Similar to restraint stress, we found that alcohol self-administration increased interstitial CeA 2-AG levels, with no concurrent change in AEA levels. The present data also showed that alcohol-induced increases in CeA 2-AG levels were blunted in dependent rats. Stress and alcohol intake activate the HPA axis in the same manner to release cortisol/corticosterone from the adrenal gland, but chronic alcohol exposure results in significantly reduced baseline plasma corticosterone levels and blunted alcohol-induced increases in corticosterone [61]. Furthermore, the development of dependence-related compulsive and excessive alcohol consumption is correlated with reduced glucocorticoid receptor expression in several stress-responsive brain regions [36]. Strong evidence demonstrates the existence of an interaction between glucocorticoid and endocannabinoid signaling systems. Thus, electrophysiological findings show that the modulation of the synaptic transmission during acute stress in the basolateral amygdala is mediated by glucocorticoid-induced release of 2-AG at GABA synapses [62]. In addition, several studies have reported that corticosterone induces changes in the content of AEA and 2-AG in opposite directions (AEA levels are decreased vs. 2-AG levels are increased) in different brain regions, including prefrontal cortex, amygdala, hippocampus, or hypothalamus [54, 63,64,65]. Because the increase in 2-AG levels is greater under chronic stress conditions, it is reasonable to think the possibility that diminished glucocorticoid signaling might contribute to diminished 2-AG tone in the CeA, as well as the blunting of stress- and alcohol-induced recruitment of this lipid transmitter. However, further investigation is needed to determine the potential interaction between both systems in the context of alcohol dependence.

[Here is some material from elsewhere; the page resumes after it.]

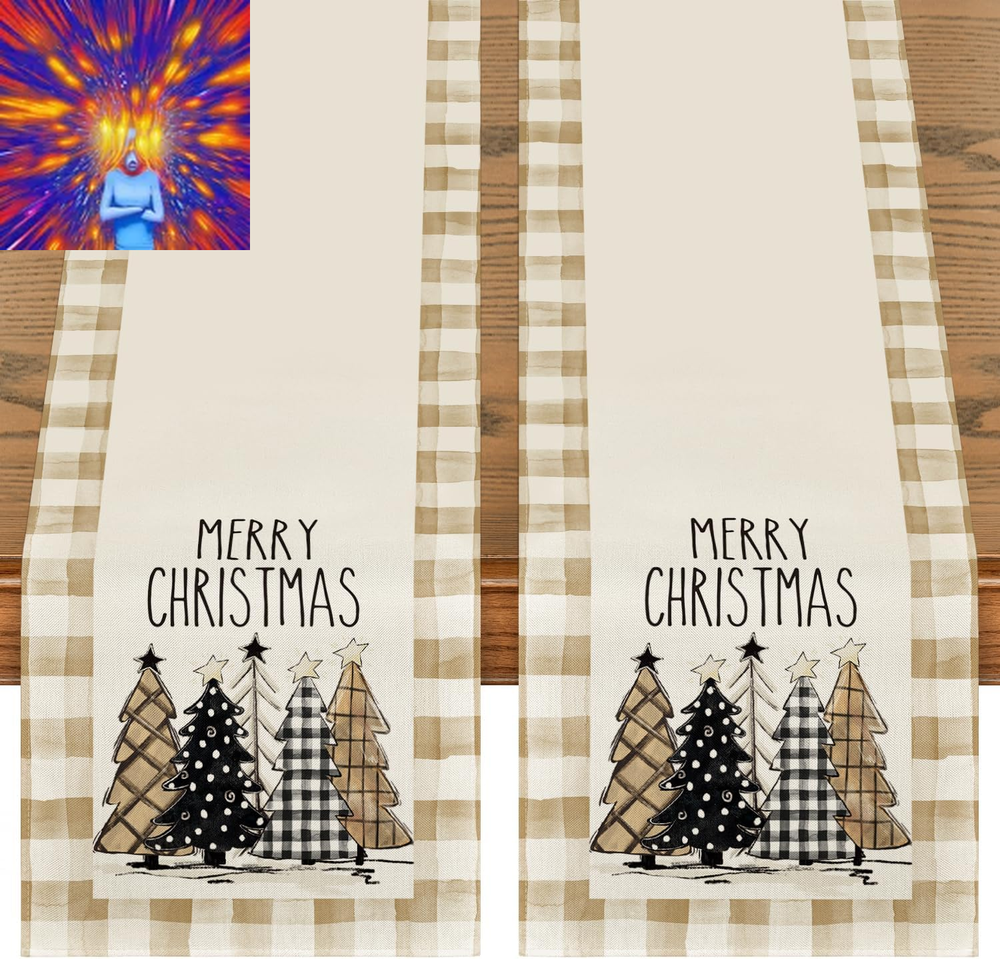 Brown Buffalo Plaid Xmas Trees 2PCS Merry Christmas Table Runner, Seasonal Winte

2-AG clearance inhibition attenuated excessive alcohol intake in alcohol-dependent animals

The present results suggest that alterations of endocannabinoid signaling in the CeA that result from alcohol dependence may contribute to excessive alcohol consumption. GABA and CRF are closely linked in the CeA. The greater activity of both systems may underlie some of the behavioral effects that were seen in alcohol animals, including excessive alcohol consumption [66, 67]. CB1 and CRF1 receptors may compete for an influence on GABAergic transmission in the CeA (e.g., CRF1 activation increases GABA release [51], and CB1 activation decreases GABA release [31]). Thus, excessive alcohol consumption in dependent animals may result from lower CB1-mediated opposition to CRF1 stimulation induced of GABA release in the CeA. Based on the results of microdialysis experiments for endocannabinoids, we suggest that this excessive alcohol consumption may be more strongly associated with deficient 2-AG than with AEA levels in the CeA. To test this hypothesis, we evaluated the effects of pharmacologically inhibiting MAGL and FAAH on alcohol intake in dependent and non-dependent animals. MAGL inhibition reduced alcohol intake selectively in alcohol-dependent rodents but FAAH inhibition did not consistently alter alcohol consumption in alcohol-dependent rats or mice. In fact, a previous study with URB597 reported no effects of this potent and selective FAAH inhibitor on alcohol intake in both Wistar and Marchigian Sardinian alcohol-preferring (msP) rats [68]. Accordingly, the inconsistency in the effects of FAAH inhibition on alcohol intake, but also on anxiety-like behaviors in alcohol-dependent rodents, requires more investigation.

In summary, lower basal and stimulated CeA 2-AG dialysate levels were observed in alcohol-dependent animals. The “restoration” of 2-AG signaling with the inhibition of 2-AG clearance, especially via MAGL, ameliorated abstinence-related behavioral pathologies (e.g., anxiety and excessive alcohol intake). These findings strongly implicate deficient 2-AG signaling in alcohol dependence-related behaviors.